Even assuming we never send a batch delete, sessionlog is a problem in
the MMR case:
- to end up in the sessionlog, we need a CSN for the delete to be
  transmitted
- if we send all deletes first, then modified entries, we can't use the
  cookie to send the information that's needed to create a sessionlog
  entry
- we can't reasonably send all entries in CSN order with the deletes
  interspersed at the relevant place in the stream, that would require
  holding onto the (UUID, CSN) list for a very long time, not to mention
  that we'd need the backend to guarantee search entry ordering in the
  first place

Maybe if we track more information in the cookie
MMR nodes might have what they needed to populate sessionlog and
standards compliant syncrepl clients would keep working as well?

Maybe storing progress of the delete phase (optional) and general
replication progress (CSN as usual) in the cookie might do it.
Question is whether that is enough, doesn't introduce new problems and
doesn't make the code even more complex and harder to maintain?
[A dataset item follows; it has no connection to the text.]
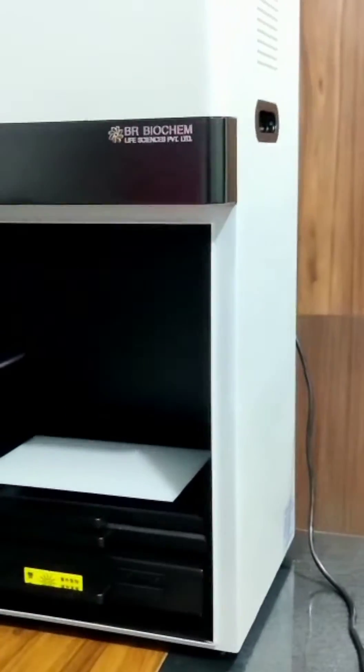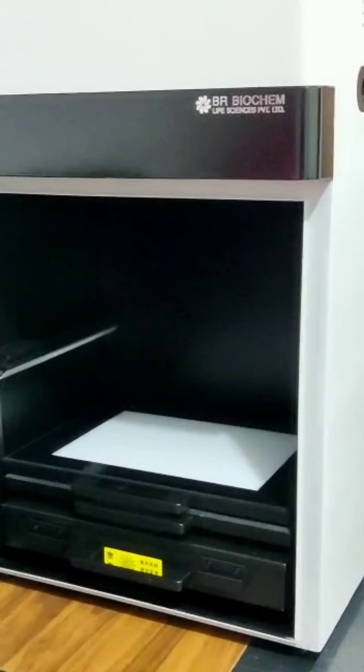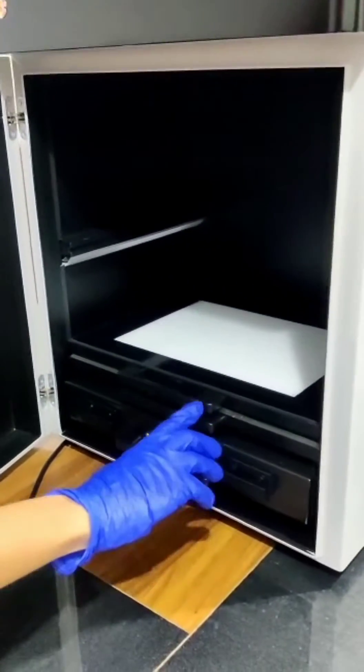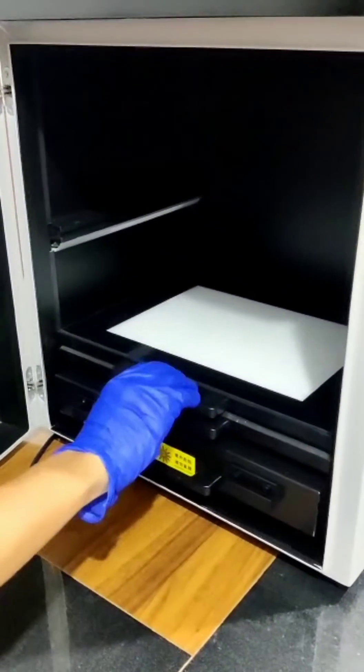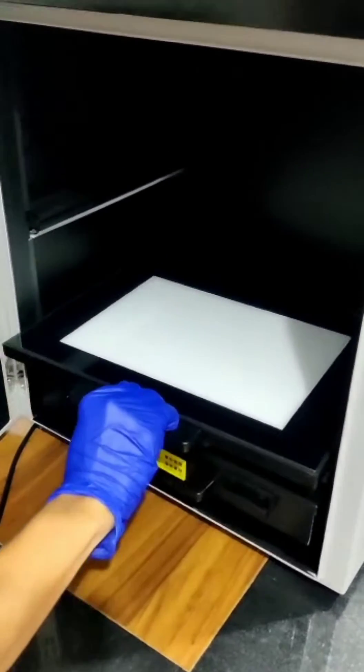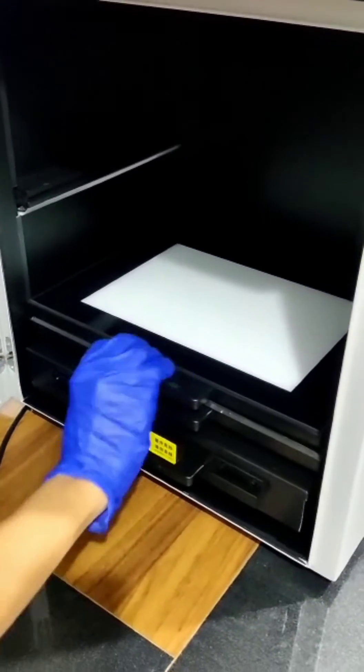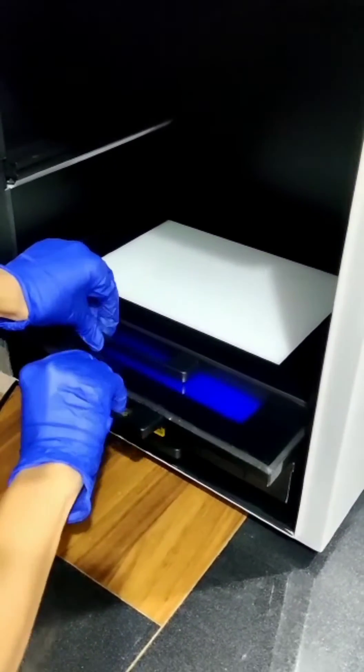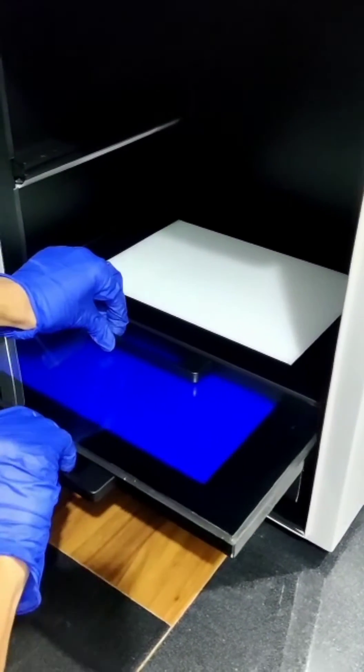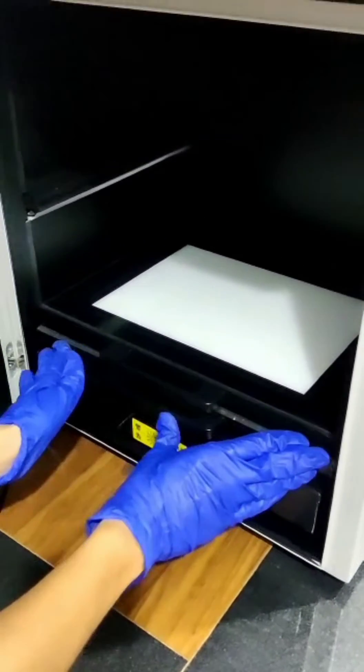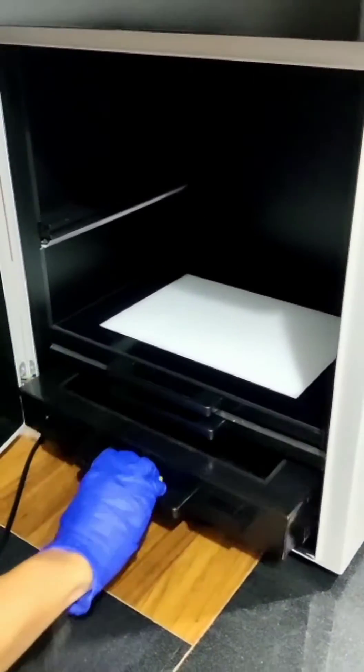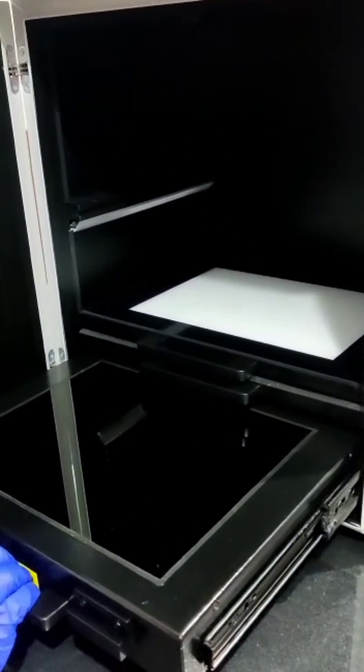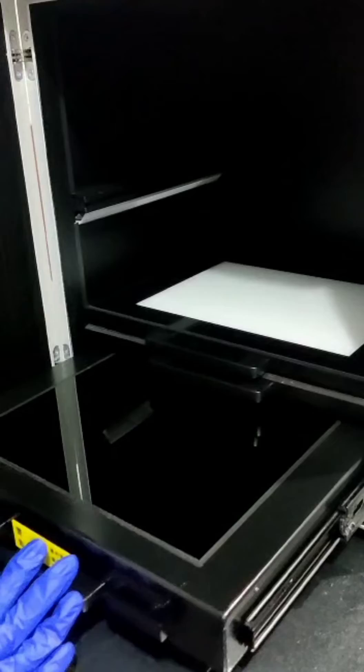In this system we provide 3 trays. One is white light LED tray, one is blue light LED tray, and one is UV Transluminator of 302 nanometer.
That, even if workable wouldn't get it into 2.4, so an upgrade would
have to be a lock-step affair for at least the masters/nodes with
syncprov running.

> This shouldn't affect deltaMMR environments, though, AFAIK they never use
> sessionlog in any way, so batched deletes don't get sent over the wire
> at all.

Quanah mentions that deltaMMR can hit this issue if we have to fall-back
to plain syncrepl in the case of a conflict (and we don't want a full
present phase to happen at that point).

-- 
Ondřej Kuzník
Senior Software Engineer
Symas Corporation                       http://www.symas.com
Packaged, certified, and supported LDAP solutions powered by OpenLDAP

Comment 3 OpenLDAP project 2019-04-17 23:28:24 UTC
See also https://github.com/mistotebe/openldap/commits/ITS8486-use-accesslog
Comment 4 Quanah Gibson-Mount 2019-04-17 23:28:24 UTC
changed notes
Comment 6 Quanah Gibson-Mount 2020-06-23 17:02:04 UTC
Commits: 
  • d1e874c6 
by Ondřej Kuzník at 2020-06-23T16:06:09+00:00 
ITS#8768 Introduce delcsn into our syncrepl cookies


  • 182ec30a 
by Ondřej Kuzník at 2020-06-23T16:06:09+00:00 
ITS#8768 Accept delcsn from the server


  • e24a6bf5 
by Ondřej Kuzník at 2020-06-23T16:06:09+00:00 
ITS#8768 Do not update main CSN during delete phase
Comment 7 Ondřej Kuzník 2020-09-09 10:25:52 UTC
There is another element to this issue, the consumer that is receiving these deletes might also be a provider with active persist sessions. It needs to be able to pass the right information onwards so that its own consumers do not risk diverging either. I better add some kind of regression test to make sure this is handled, it might already be fine.